WL#4644: Online Backup: Fix the DDL blocker

Affects: Server-6.0   —   Status: Complete

RATIONALE
---------
To fix BUG#32702.

DETAILS
-------
DDL blocker is used inside backup system to prevent any metadata changes during
backup/restore process. It blocks DDL statements which could change the
metadata. DDL blocker is implemented but it is incomplete - it does not block
changes for all types of objects being backed-up (for example it does not block
DROP VIEW and many others). BUG#32702 contains a list of what is and what is not
blocked by the current implementation.

ALTERNATIVES
------------
There are 2 alternative understandings of what a DDL blocker should do:

A) Block all known DDL statements.
B) Block these (and only these) SQL statements which need to be blocked to
ensure BACKUP/RESTORE consistency.

Ad A) Note that it is not completely clear what a DDL statement is. There are
some statements which could be objected as being DDLs, such as TRUNCATE TABLE,
OPTIMIZE/REPAIR TABLE, DROP/CREATE INDEX. Nevertheless, they must be blocked for
BACKUP to work correctly. If DDL blocker does not block them, it becomes useless
for the backup subsystem.

Ad B) For the analysis what needs to be blocked, see HLS. If this semantics is
implemented then a better name for the service could be picked. For example
"Backup Metadata Lock", or BML for short.

This worklog will implement alternative B.

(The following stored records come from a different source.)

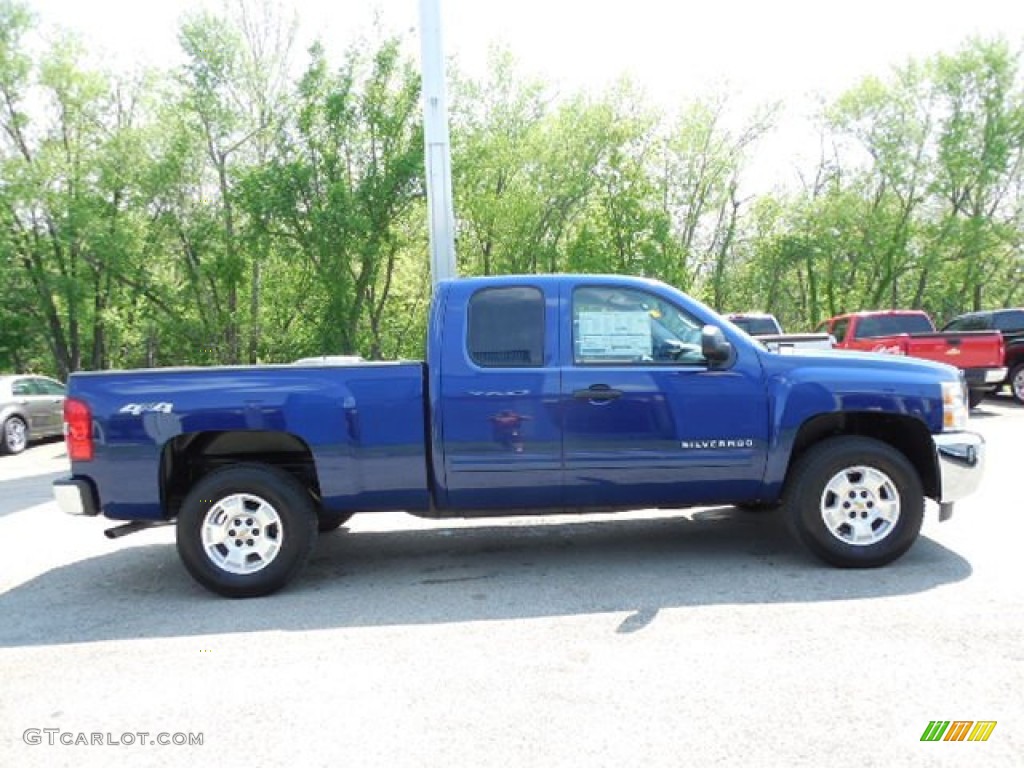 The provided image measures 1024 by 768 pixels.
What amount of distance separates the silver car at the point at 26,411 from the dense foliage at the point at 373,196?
8.71 metres

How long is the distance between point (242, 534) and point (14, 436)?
12551mm

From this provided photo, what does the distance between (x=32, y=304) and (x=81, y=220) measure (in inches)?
248

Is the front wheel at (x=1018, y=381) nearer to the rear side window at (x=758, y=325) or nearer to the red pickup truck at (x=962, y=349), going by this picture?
the red pickup truck at (x=962, y=349)

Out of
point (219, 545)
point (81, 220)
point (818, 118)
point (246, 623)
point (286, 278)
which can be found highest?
point (818, 118)

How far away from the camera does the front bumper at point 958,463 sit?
4.74m

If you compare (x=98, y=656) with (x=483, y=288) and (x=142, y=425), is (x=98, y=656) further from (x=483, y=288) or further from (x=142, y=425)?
(x=483, y=288)

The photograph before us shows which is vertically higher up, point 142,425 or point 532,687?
point 142,425

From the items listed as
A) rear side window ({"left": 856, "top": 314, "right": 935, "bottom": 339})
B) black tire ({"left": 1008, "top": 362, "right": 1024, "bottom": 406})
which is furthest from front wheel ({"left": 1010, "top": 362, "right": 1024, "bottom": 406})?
rear side window ({"left": 856, "top": 314, "right": 935, "bottom": 339})

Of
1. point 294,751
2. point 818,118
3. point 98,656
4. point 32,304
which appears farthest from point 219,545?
point 818,118

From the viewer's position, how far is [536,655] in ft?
11.9

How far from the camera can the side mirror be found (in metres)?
4.50

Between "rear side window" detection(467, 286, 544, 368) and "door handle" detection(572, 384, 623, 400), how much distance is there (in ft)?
1.04

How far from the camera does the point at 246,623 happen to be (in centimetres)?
425

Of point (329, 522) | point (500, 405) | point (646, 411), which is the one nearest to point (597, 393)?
point (646, 411) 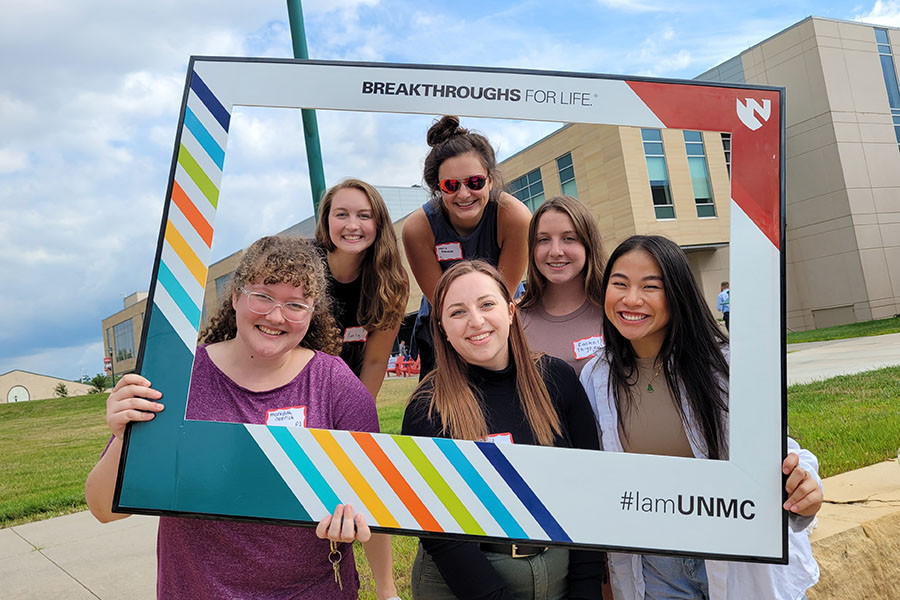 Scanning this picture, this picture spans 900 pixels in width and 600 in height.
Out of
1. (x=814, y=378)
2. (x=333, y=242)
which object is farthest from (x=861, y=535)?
(x=814, y=378)

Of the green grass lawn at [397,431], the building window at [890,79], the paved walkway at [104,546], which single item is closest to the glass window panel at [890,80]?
the building window at [890,79]

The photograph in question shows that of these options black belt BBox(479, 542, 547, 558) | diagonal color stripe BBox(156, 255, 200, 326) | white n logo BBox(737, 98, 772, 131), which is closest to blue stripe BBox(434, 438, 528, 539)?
black belt BBox(479, 542, 547, 558)

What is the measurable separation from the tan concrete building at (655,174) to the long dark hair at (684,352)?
53 millimetres

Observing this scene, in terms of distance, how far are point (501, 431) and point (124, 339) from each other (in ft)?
5.09

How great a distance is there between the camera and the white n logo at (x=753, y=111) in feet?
7.26

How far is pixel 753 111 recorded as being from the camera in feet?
7.30

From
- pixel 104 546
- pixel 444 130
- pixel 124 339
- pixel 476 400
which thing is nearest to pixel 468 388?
pixel 476 400

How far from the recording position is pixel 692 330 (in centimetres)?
231

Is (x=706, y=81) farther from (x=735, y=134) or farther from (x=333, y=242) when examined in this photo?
(x=333, y=242)

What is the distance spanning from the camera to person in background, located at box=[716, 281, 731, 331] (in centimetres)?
213

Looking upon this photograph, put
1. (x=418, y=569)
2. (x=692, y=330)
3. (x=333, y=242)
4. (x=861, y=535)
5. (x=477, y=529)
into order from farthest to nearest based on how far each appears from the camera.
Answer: (x=861, y=535), (x=333, y=242), (x=418, y=569), (x=692, y=330), (x=477, y=529)

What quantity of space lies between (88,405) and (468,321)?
88.2 feet

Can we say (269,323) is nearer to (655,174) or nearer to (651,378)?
(651,378)

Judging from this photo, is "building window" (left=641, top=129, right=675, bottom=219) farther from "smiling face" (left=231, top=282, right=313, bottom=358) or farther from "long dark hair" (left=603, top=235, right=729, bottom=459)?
"smiling face" (left=231, top=282, right=313, bottom=358) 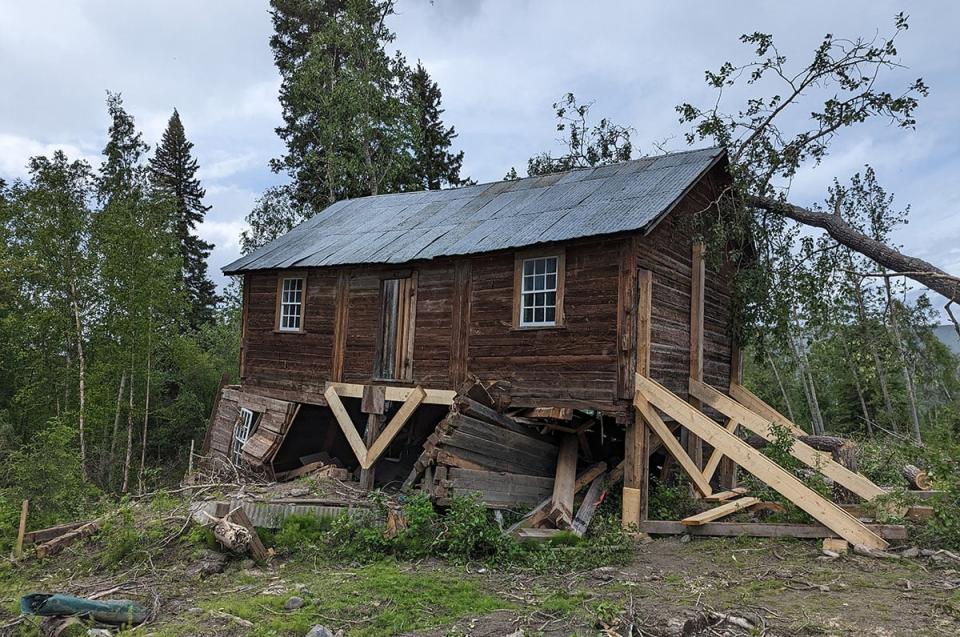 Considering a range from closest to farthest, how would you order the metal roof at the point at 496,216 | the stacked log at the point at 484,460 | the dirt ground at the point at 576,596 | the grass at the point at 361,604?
the dirt ground at the point at 576,596
the grass at the point at 361,604
the stacked log at the point at 484,460
the metal roof at the point at 496,216

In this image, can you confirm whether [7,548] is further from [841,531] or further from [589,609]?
[841,531]

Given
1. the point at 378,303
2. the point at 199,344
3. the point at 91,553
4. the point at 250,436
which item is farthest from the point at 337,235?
the point at 199,344

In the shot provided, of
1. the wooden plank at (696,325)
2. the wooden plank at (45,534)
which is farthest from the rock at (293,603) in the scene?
the wooden plank at (696,325)

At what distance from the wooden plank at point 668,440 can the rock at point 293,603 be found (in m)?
6.03

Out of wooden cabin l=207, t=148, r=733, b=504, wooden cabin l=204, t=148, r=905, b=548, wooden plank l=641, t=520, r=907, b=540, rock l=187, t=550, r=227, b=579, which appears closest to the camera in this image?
wooden plank l=641, t=520, r=907, b=540

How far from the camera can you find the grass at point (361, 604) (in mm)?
6824

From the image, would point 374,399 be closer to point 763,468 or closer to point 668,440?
point 668,440

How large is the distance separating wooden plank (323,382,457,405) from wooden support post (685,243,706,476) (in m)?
4.78

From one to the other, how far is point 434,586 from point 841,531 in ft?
17.5

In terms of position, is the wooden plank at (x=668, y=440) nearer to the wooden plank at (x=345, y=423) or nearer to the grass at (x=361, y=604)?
the grass at (x=361, y=604)

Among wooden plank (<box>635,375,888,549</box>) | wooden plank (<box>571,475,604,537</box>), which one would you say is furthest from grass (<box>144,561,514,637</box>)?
wooden plank (<box>635,375,888,549</box>)

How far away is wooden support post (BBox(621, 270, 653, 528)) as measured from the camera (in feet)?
35.6

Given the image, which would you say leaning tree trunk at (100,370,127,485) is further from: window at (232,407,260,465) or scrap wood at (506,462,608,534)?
scrap wood at (506,462,608,534)

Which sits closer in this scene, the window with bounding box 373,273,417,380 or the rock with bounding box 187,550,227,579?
the rock with bounding box 187,550,227,579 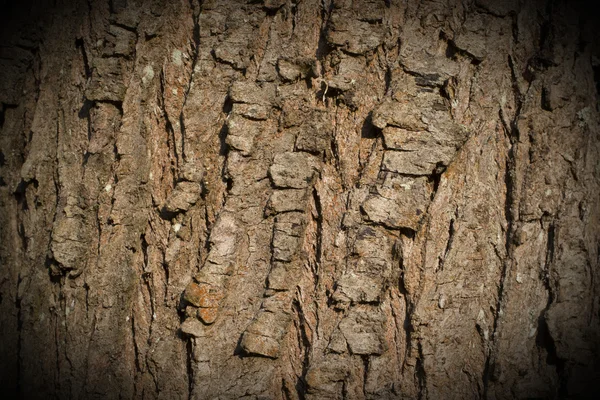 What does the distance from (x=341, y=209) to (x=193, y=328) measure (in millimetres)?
990

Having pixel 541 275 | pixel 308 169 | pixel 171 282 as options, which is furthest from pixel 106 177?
pixel 541 275

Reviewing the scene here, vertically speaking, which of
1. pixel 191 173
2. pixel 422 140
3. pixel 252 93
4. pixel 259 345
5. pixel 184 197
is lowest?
pixel 259 345

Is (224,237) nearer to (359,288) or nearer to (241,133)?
(241,133)

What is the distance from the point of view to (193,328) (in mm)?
2406

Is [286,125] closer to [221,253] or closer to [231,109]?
[231,109]

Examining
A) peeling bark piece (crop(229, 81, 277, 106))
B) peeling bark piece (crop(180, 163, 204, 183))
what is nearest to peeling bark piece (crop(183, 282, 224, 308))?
peeling bark piece (crop(180, 163, 204, 183))

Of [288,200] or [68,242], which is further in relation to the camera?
[68,242]

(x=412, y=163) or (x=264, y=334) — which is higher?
(x=412, y=163)

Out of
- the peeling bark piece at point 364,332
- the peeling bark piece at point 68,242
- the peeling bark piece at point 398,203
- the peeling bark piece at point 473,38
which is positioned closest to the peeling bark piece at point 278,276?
the peeling bark piece at point 364,332

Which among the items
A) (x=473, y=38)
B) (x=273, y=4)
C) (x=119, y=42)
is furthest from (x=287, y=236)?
(x=119, y=42)

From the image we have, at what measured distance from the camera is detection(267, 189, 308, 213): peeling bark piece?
7.90 feet

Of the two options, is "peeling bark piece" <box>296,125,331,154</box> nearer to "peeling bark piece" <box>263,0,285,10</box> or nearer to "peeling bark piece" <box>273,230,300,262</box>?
"peeling bark piece" <box>273,230,300,262</box>

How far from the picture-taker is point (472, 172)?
237cm

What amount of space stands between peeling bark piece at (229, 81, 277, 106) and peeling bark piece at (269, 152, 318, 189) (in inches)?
13.2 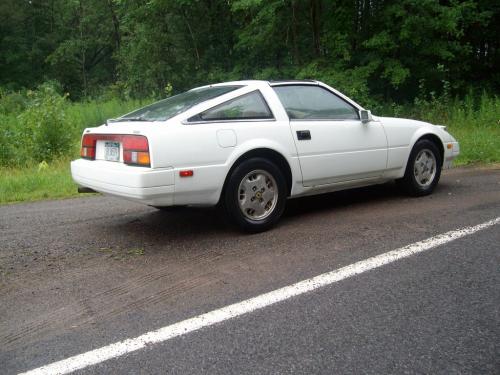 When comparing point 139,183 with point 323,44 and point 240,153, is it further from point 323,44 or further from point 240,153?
point 323,44

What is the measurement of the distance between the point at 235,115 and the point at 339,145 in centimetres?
125

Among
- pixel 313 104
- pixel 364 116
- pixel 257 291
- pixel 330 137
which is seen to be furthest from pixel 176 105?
pixel 257 291

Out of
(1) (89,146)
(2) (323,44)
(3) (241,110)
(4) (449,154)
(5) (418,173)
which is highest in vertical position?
(2) (323,44)

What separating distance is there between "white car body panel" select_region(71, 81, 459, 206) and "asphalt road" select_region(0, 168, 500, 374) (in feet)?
1.51

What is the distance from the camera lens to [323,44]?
1795 centimetres

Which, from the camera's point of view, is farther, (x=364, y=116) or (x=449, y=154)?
(x=449, y=154)

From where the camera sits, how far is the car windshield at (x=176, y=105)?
4746 mm

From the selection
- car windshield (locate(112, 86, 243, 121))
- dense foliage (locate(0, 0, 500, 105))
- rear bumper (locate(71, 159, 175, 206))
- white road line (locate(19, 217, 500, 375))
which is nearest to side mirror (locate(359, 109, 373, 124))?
car windshield (locate(112, 86, 243, 121))

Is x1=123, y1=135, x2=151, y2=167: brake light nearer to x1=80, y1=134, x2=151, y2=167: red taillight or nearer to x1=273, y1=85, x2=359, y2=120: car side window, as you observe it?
x1=80, y1=134, x2=151, y2=167: red taillight

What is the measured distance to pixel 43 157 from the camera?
1040 centimetres

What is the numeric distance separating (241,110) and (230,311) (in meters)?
2.37

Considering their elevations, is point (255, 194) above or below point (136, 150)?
below

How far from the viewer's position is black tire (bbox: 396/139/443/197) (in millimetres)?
6117

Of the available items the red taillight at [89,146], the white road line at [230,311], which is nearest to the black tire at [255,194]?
the white road line at [230,311] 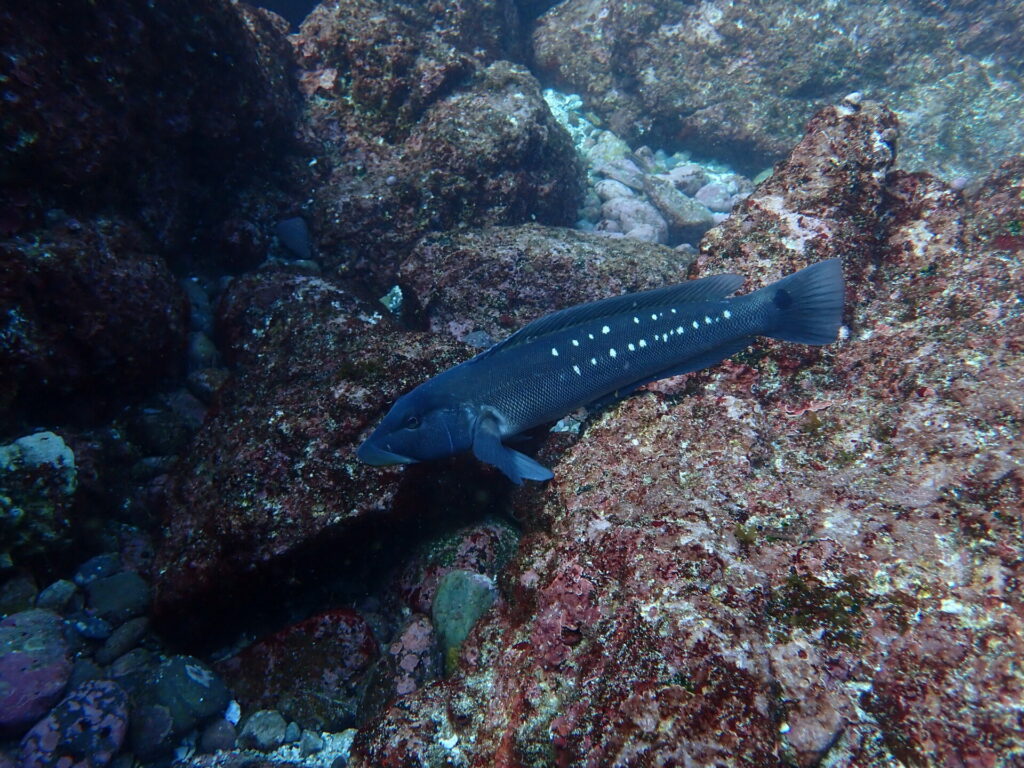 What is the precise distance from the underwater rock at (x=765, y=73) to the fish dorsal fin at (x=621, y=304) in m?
10.8

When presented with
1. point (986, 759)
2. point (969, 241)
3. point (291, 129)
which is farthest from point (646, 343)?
point (291, 129)

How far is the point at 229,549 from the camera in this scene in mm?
3664

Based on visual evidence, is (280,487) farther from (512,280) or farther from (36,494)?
(512,280)

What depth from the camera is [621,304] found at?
3695 millimetres

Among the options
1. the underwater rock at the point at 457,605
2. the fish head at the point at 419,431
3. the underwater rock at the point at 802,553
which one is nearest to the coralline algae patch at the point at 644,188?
the underwater rock at the point at 802,553

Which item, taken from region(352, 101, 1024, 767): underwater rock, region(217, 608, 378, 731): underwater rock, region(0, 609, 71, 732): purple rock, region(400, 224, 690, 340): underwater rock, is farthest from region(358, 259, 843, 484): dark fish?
region(0, 609, 71, 732): purple rock

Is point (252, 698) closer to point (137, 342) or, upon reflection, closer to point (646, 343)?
point (137, 342)

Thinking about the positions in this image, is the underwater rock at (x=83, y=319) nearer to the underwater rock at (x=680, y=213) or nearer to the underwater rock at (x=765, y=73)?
the underwater rock at (x=680, y=213)

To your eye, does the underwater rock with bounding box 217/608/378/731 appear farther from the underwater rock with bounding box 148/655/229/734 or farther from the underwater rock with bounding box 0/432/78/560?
the underwater rock with bounding box 0/432/78/560

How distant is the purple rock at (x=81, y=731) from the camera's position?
3271 millimetres

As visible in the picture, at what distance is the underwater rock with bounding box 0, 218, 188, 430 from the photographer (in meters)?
3.99

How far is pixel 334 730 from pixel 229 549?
165cm

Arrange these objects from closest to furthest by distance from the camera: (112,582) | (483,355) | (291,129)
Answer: (483,355), (112,582), (291,129)

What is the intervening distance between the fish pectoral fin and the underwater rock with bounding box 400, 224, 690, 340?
243 centimetres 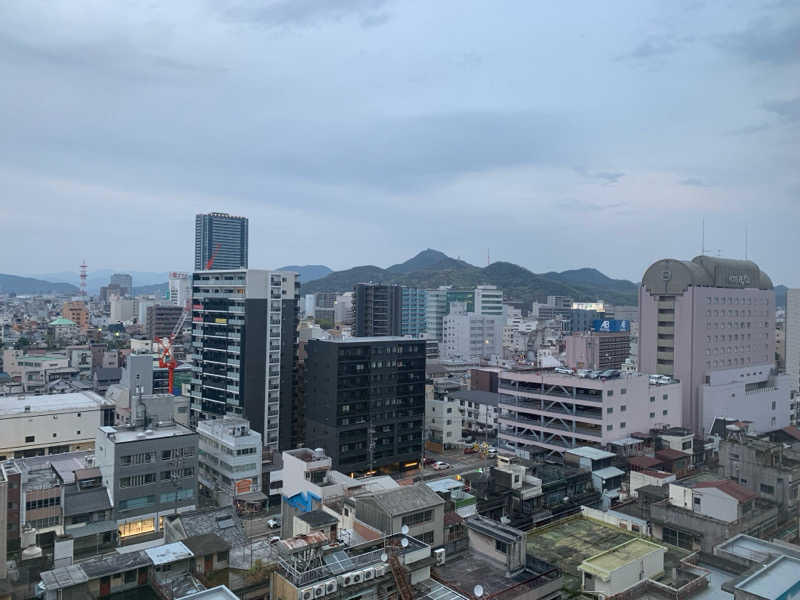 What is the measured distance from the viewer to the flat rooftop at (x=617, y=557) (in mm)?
19250

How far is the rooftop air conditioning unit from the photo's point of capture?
1584 cm

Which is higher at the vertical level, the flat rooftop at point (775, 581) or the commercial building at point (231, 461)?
the flat rooftop at point (775, 581)

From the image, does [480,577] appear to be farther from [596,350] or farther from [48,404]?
[596,350]

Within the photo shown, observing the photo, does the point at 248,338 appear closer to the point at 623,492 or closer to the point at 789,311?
the point at 623,492

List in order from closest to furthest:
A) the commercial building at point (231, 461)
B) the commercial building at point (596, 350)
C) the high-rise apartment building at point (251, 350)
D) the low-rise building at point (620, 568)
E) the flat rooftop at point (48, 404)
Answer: the low-rise building at point (620, 568) < the commercial building at point (231, 461) < the flat rooftop at point (48, 404) < the high-rise apartment building at point (251, 350) < the commercial building at point (596, 350)

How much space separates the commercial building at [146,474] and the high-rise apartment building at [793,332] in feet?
267

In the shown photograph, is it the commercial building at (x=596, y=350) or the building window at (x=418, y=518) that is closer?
the building window at (x=418, y=518)

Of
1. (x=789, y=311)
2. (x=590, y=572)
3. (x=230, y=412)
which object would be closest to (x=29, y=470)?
(x=230, y=412)

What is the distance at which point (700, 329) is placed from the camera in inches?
2217

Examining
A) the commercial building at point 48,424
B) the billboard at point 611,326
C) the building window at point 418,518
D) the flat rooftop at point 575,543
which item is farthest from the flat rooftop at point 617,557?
the billboard at point 611,326

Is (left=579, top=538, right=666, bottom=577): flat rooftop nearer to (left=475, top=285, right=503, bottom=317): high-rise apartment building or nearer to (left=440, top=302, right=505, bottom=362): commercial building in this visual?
(left=440, top=302, right=505, bottom=362): commercial building

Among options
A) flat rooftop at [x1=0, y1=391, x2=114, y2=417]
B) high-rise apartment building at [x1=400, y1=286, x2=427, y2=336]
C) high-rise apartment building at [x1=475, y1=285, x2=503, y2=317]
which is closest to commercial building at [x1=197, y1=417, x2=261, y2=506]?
flat rooftop at [x1=0, y1=391, x2=114, y2=417]

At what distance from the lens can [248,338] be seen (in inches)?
2090

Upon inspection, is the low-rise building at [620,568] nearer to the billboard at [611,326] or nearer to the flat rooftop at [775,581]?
the flat rooftop at [775,581] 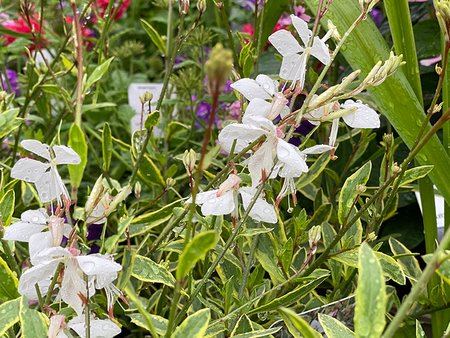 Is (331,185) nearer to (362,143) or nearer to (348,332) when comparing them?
(362,143)

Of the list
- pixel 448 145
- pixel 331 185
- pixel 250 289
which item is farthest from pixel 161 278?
pixel 331 185

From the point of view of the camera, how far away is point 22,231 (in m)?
0.50

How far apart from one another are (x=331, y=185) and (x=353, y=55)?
0.31 meters

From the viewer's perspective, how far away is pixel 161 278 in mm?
609

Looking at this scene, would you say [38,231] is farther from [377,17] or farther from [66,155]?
[377,17]

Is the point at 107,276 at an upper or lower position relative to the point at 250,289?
upper

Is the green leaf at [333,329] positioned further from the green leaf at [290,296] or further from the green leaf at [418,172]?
the green leaf at [418,172]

NOTE: The "DDL blocker" service is considered a temporary solution. In future
versions it is planned to replace it by more appropriate server mechanisms such
as fine-grained metadata locks.
WHAT STATEMENTS NEED TO BE BLOCKED
----------------------------------
Here we identify a *minimal* set of statements which should be blocked to ensure
correct functioning of BACKUP/RESTORE commands.

Backup image stores metadata for the following types of objects:

- databases
- tablespaces
- privileges
- tables
- views
- stored functions
- stored procedures
- events
- triggers

Hence, the following metadata changes should be frozen during backup operation:

1. Databases being backed-up should not disappear or be changed.
2. In case of "BACKUP DATABASE * ..." new databases should not appear.
3. List of objects inside each database should not change.
4. The objects in the databases should not change (their metadata).
5. The set of privileges for each database should not change.
6. Users for which privileges are stored should not disappear or change.
7. Tablespaces used by tables being backed-up should not disappear or change.

The above can be achieved by blocking the following statements (they will block
more than required, but I believe it is a minimal set for ensuring 1-7).

DROP/ALTER DATABASE               (for 1)
CREATE DATABASE                   (for 2 [b])
CREATE/DROP per-db-object         (for 3)
ALTER/RENAME per-db-object        (for 4)
CREATE/DROP INDEX                 (for 4 [a])
GRANT/REVOKE                      (for 5)
DROP/RENAME USER                  (for 6)
DROP/ALTER TABLESPACE             (for 7)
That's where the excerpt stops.